● WORK REQUEST
Wherever "with" appears in a line of the listing, report that line.

● INPUT DATA

--------------------

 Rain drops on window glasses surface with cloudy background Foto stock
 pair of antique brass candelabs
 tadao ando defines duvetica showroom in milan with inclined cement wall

--------------------

● FINISHED EXERCISE
 Rain drops on window glasses surface with cloudy background Foto stock
 tadao ando defines duvetica showroom in milan with inclined cement wall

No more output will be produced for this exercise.